◆ Work to complete
Extract only the first line of the listing and every line after it up to and including the one with "Minimalist Tube Glass LED Pendant Light". Omit the pictures.

◆ Excerpted data
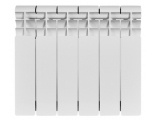 Радиатор алюминиевый Rommer Profi 350/80 6 секций, боковое подключение, белый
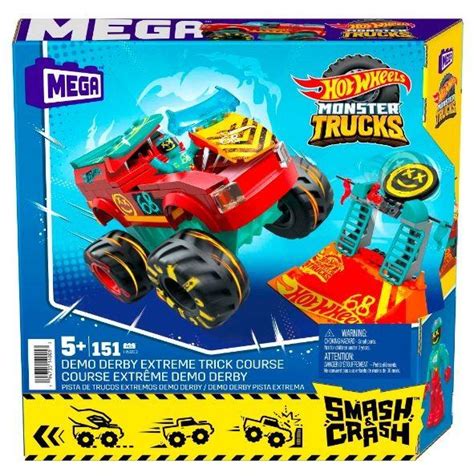Mattel Mega Bloks Hot Wheels Monster Truck Konstravimo Rinkinys Modelis Hng Ema Kaina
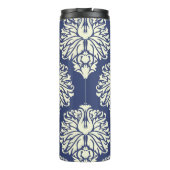 Blueberry Southern Hütte Damask Thermosbecher (Rückseite)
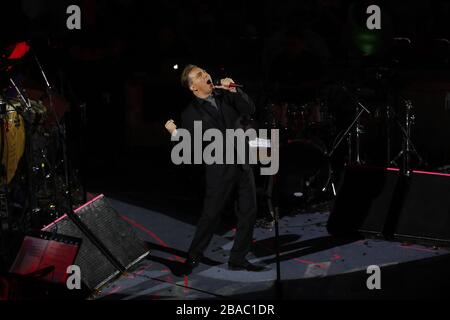Cristian Castro durante la noche de su concierto 17 Mayo 2017 y madrugada del día 18 en el palenque de la Expogan. ( photo/Luis Gutierrez/Nortephoto.c Banque D'Images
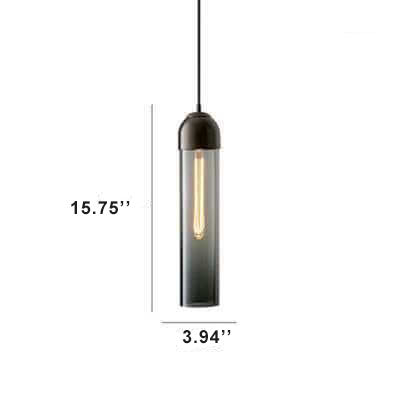 Minimalist Tube Glass LED Pendant Light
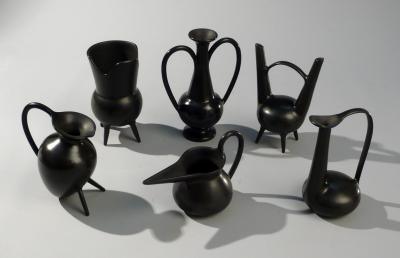 Six Buccheri vases made by Carlo Alberto Rossi to designs by Gio Pont - 1000 Objekte
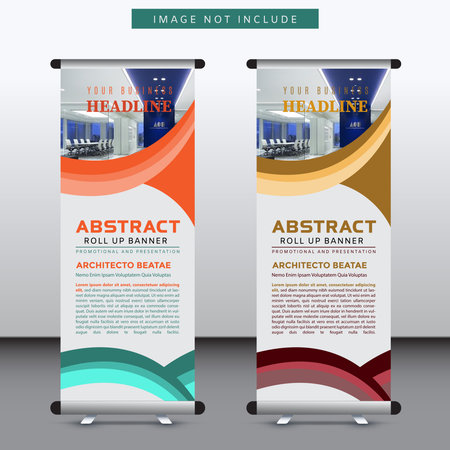 promotional roll up banner template.presentation roll up banner design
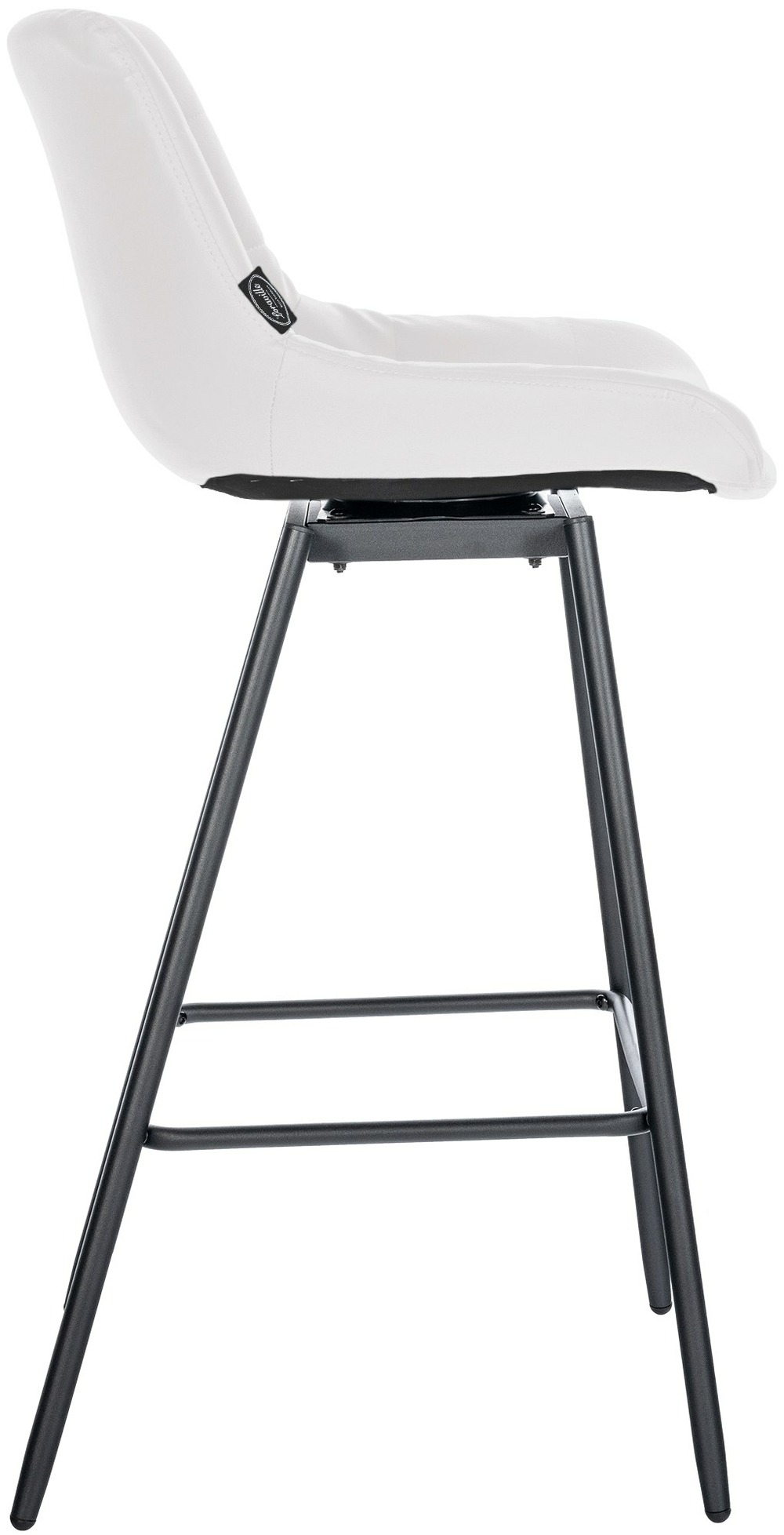 Tabouret de bar weston pivotant simili cuir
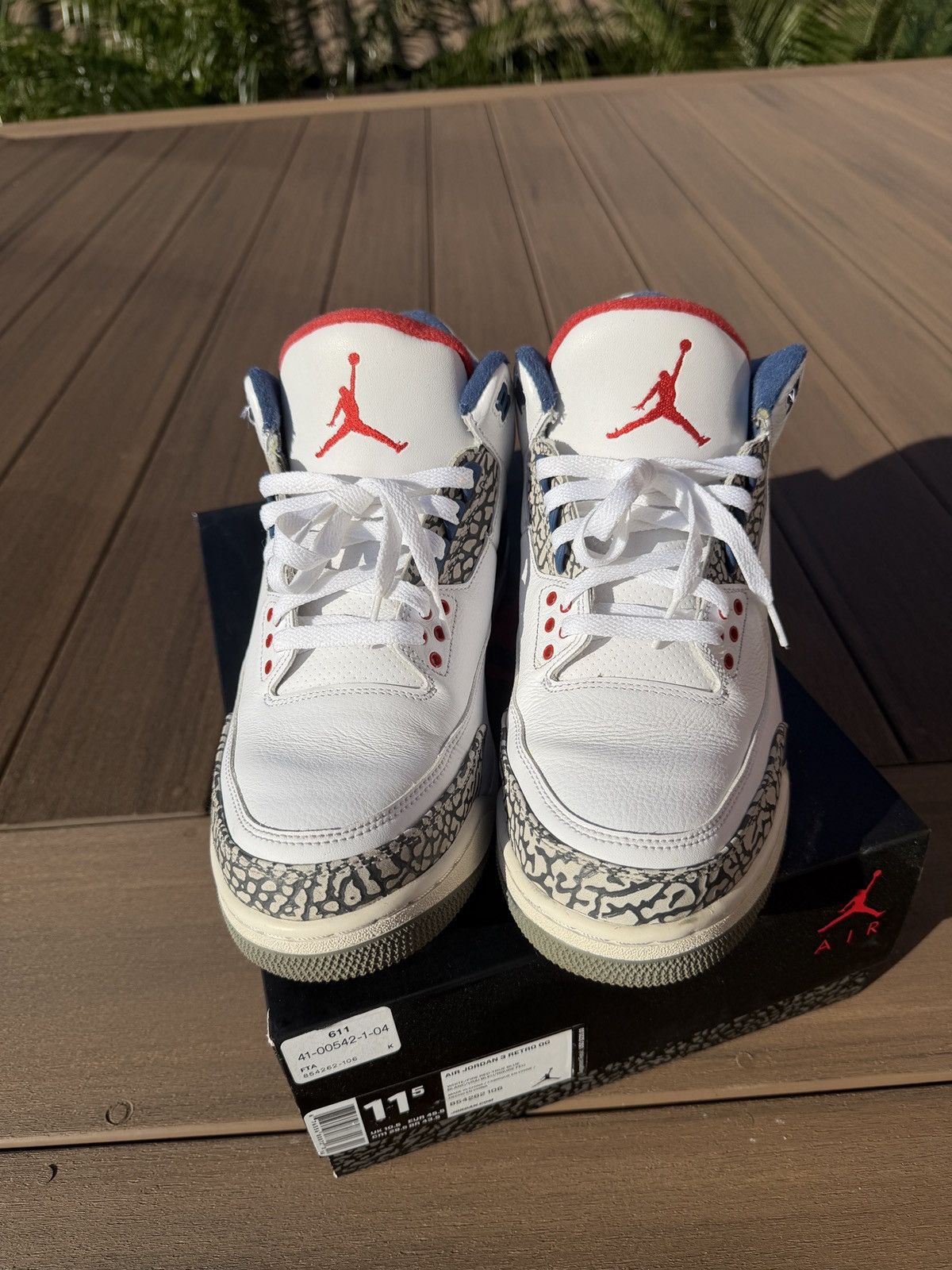 Jordan Brand Air Jordan 3 Retro True Blue 2016 Size US 11.5 / EU 44-45 - 3 Thumbnail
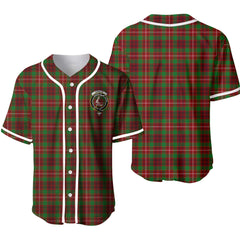 Ainslie Tartan Unisex Baseball Jersey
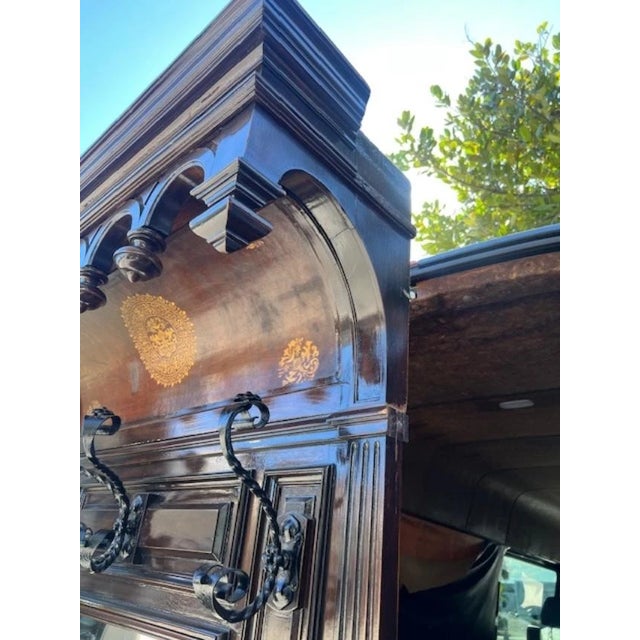 Large Walnut Antique Carved French Hall Umbrella Stand For Sale - Image 9 of 10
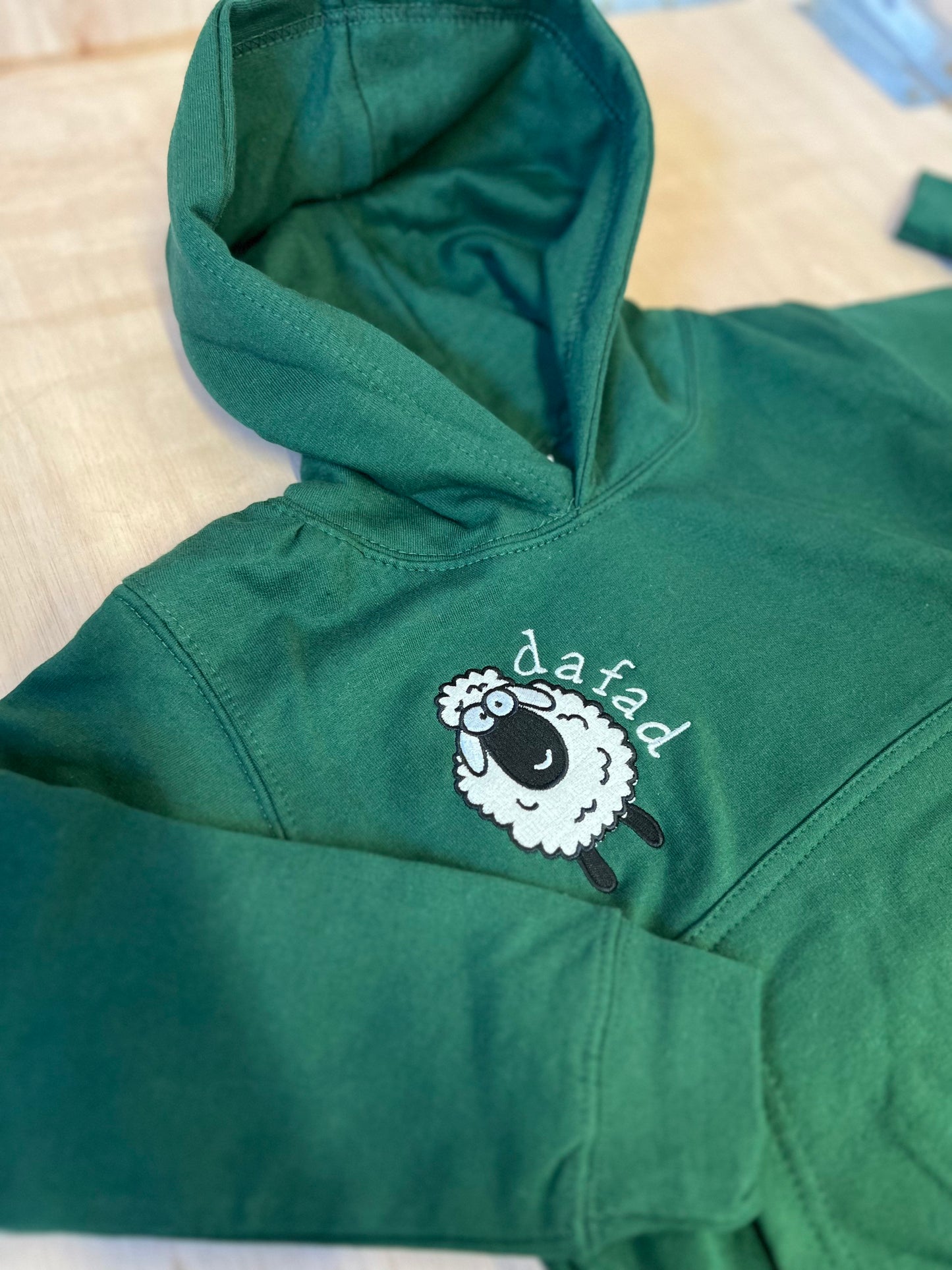 GWYRDD- Hoodies y fferm ani-bendod farm Hoodies GREEN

◆ Output of the exercise
 Радиатор алюминиевый Rommer Profi 350/80 6 секций, боковое подключение, белый
Mattel Mega Bloks Hot Wheels Monster Truck Konstravimo Rinkinys Modelis Hng Ema Kaina
 Blueberry Southern Hütte Damask Thermosbecher (Rückseite)
Cristian Castro durante la noche de su concierto 17 Mayo 2017 y madrugada del día 18 en el palenque de la Expogan. ( photo/Luis Gutierrez/Nortephoto.c Banque D'Images
 Minimalist Tube Glass LED Pendant Light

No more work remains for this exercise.